What is true? The English is one of the easiest. Its grammar is not that hard, but the spelling is confuse and every non-native who don't make mistakes, probably learned by heart, in another words, memorized the words, just like me.
The most of people who end an English course in Brazil, can't communicate at an advanced level. Their ability lacks a lot in vocabulary, they hardly understand by the context or learn the most used phrasel verbs (which can be very tricky) and they still having problems with the listening comprehension. I, for instance, have some problems with the listening skills, but I've understood that, the more you read, the more you will listen. You can see taking me as an exemple, I'm in contact with the English language since 2003, and it still needing improvement. I can't see a diference when someone says "there, their" but I try to understand by the context.

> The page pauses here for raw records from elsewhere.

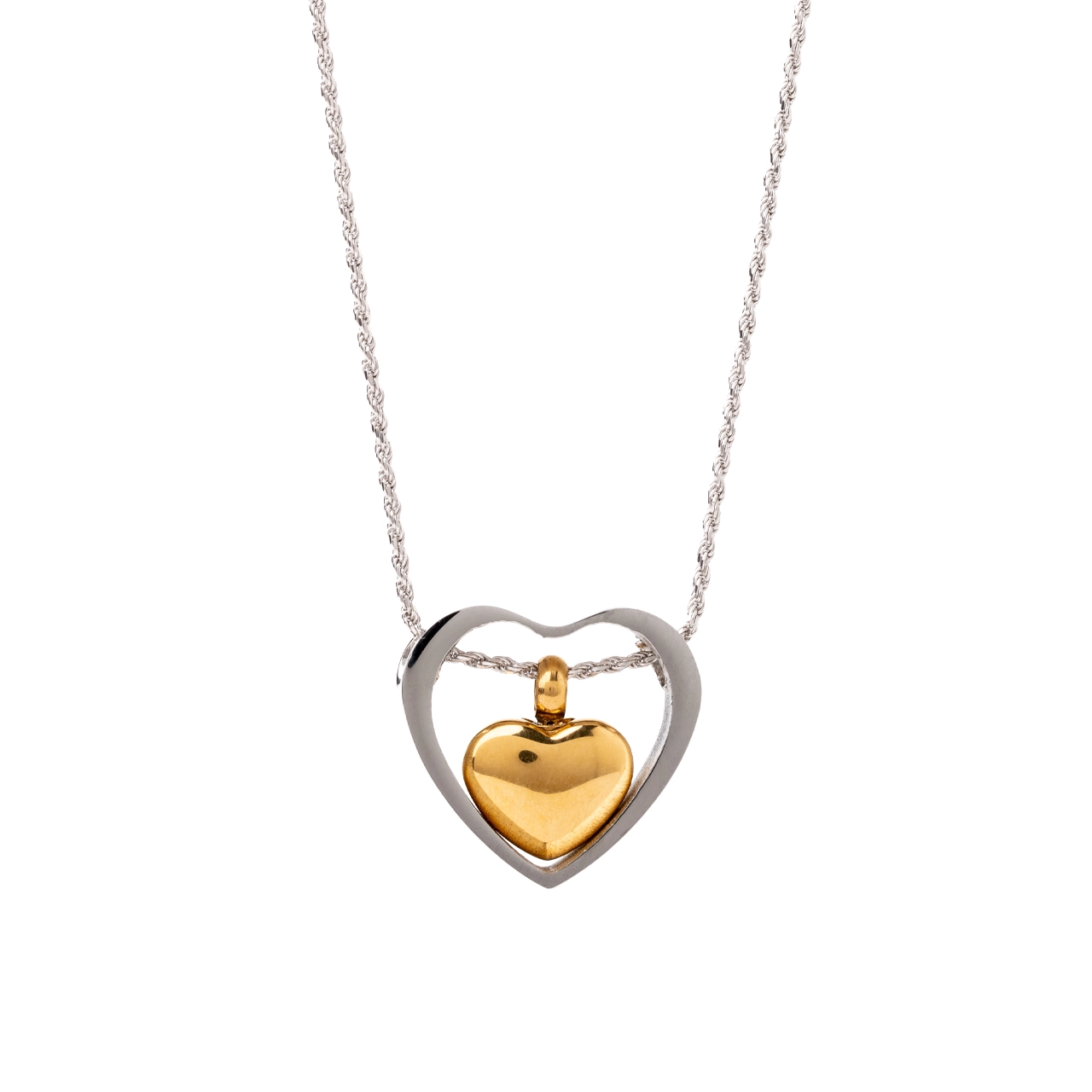 Sempre Or jaune avec chaîne en argent - Collier pour cendres d’Animaux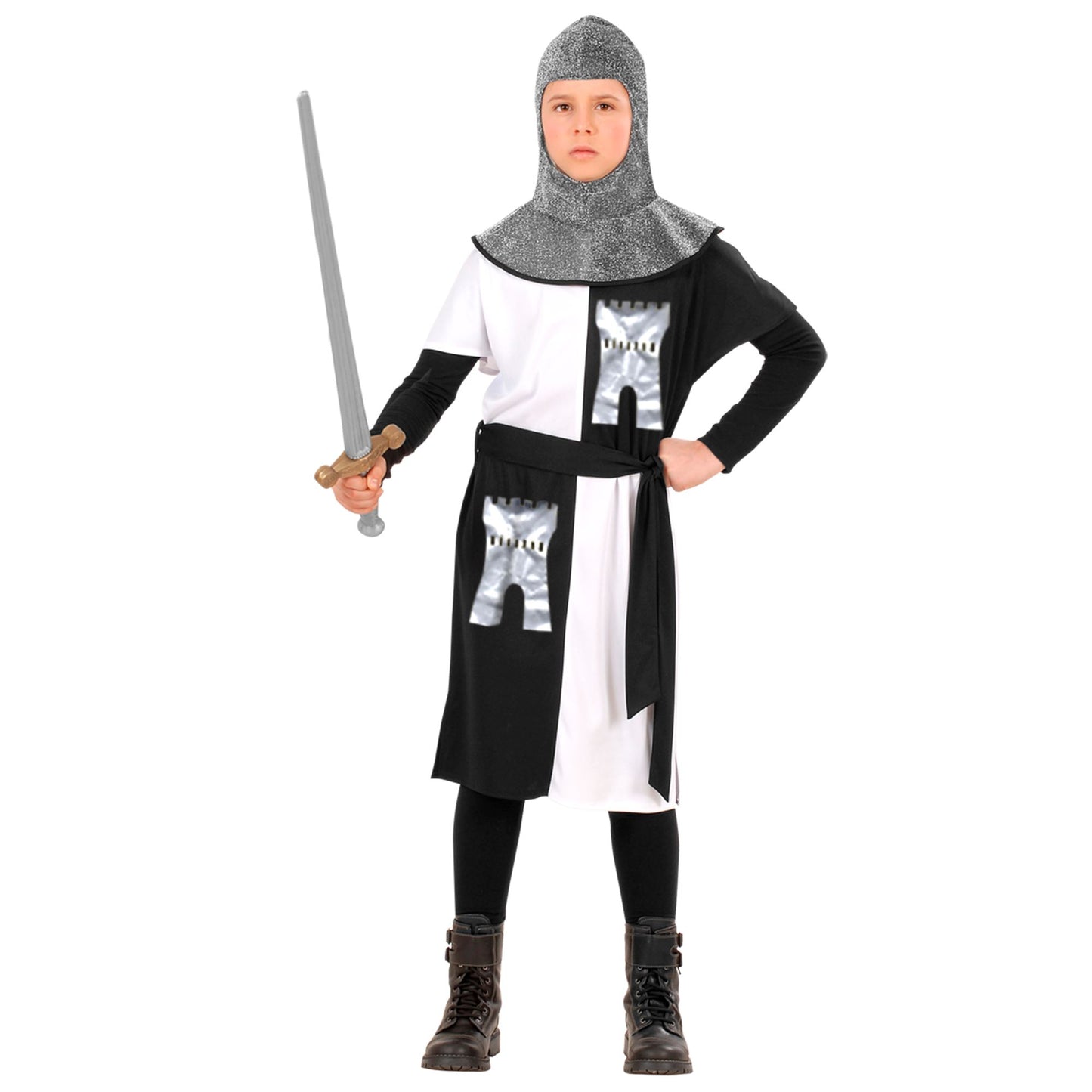 "MITTELALTERLICHER KRIEGER" - weiß (Coat, Gürtel, Kapuze) – Vorderansicht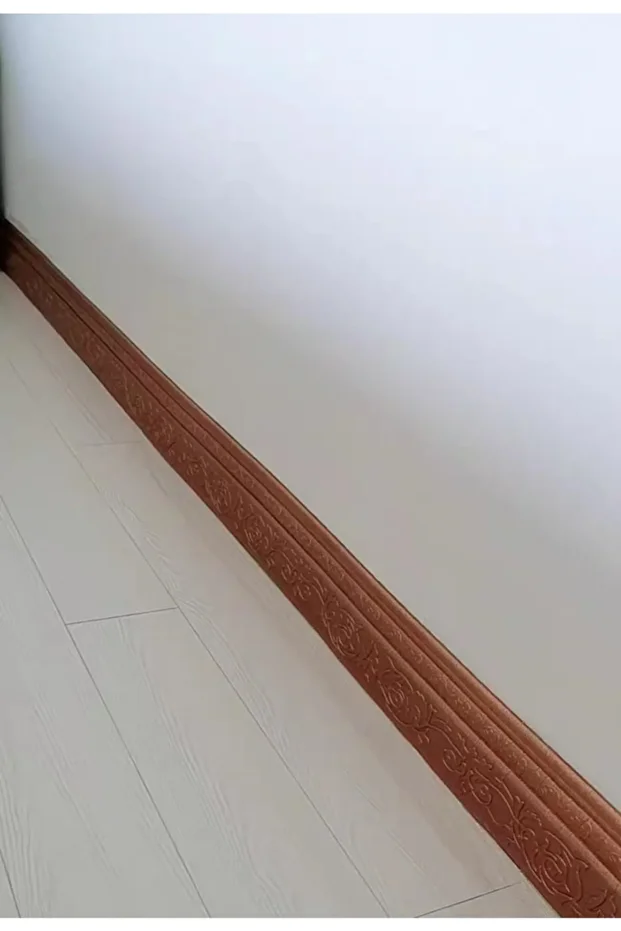 Motifli Kahverengi Esnek 8cm-230cm X 4 Adet Yapışkanlı Duvar Çıta Çerçeve Süpürgelik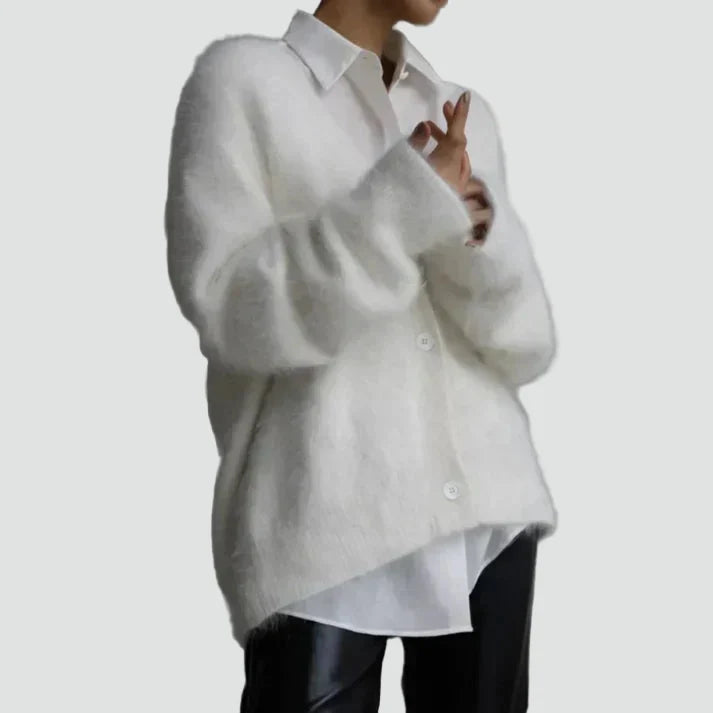 Women's Oversized Fluffy Button Front Cardigan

Let me give you an exemple to show why English is easy and hard at the same time:
What is easier, French or Japanese? For an English native speaker, I think the answer is French. But now, is French easy? No. Not Even for those who have a Romance language as their mother tongue, like me. The same happens with English, it's easier than the most languages, but it doesn't mean that it's easy. For the ones who speak a Germanic language, I think English is easier than Romance, the Slavic and the Asian languages. For those who speak Portuguese, Spanish and Italian are easier to learn than English, but English still easier than French and perhaps, Romanian. And don't forget that English has a lot of words from another languages, that's why many people are benefited by vocabulary similarity. Portuguese, for exemple "Exemplo = Exemple, Problem = Problema, Vocabulário = Vocabulary, = Carro = Car, Simples - Simple..".
If you speak a language like Japanese, Chinese or Korean, you will have many hard times to learn and memorize vocabulary, which is the most alien possible.
That's why English isn't so easy. But it still not hard at all, unless if you're native speaker of an Asian language.